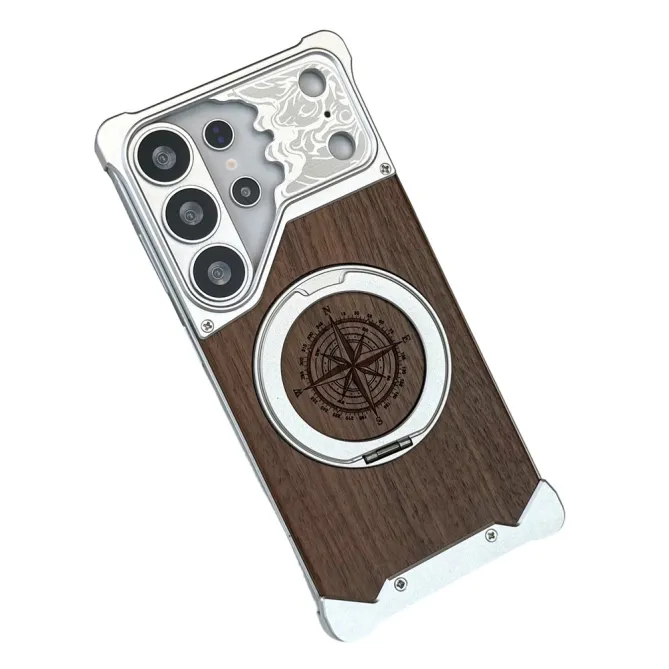 Coque Samsung Galaxy S26 Ultra Bois de Noyer Sans Bordure avec Boussole Gravée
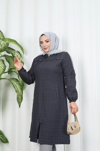 Fermuarlı Kapitone  Uzun Kap KOYU GRİ HNT8581 
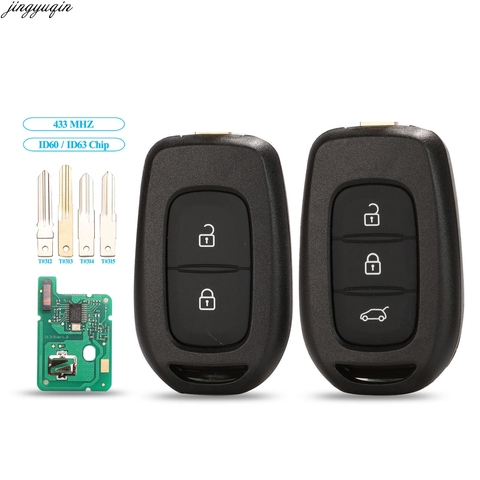 Jingyuqin-clé télécommande à 2/3 boutons, 434MHZ, transpondeur PCF7961M 4A, pour voiture Renault Dacia Logan Sandero Lodgy Dokker Duster 2016 ► Photo 1/5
────
**Task prompt**
Could you restate the material word for word, omitting the pictures?

**Written answer**
 Coque Samsung Galaxy S26 Ultra Bois de Noyer Sans Bordure avec Boussole Gravée
 Fermuarlı Kapitone  Uzun Kap KOYU GRİ HNT8581 
 Jingyuqin-clé télécommande à 2/3 boutons, 434MHZ, transpondeur PCF7961M 4A, pour voiture Renault Dacia Logan Sandero Lodgy Dokker Duster 2016 ► Photo 1/5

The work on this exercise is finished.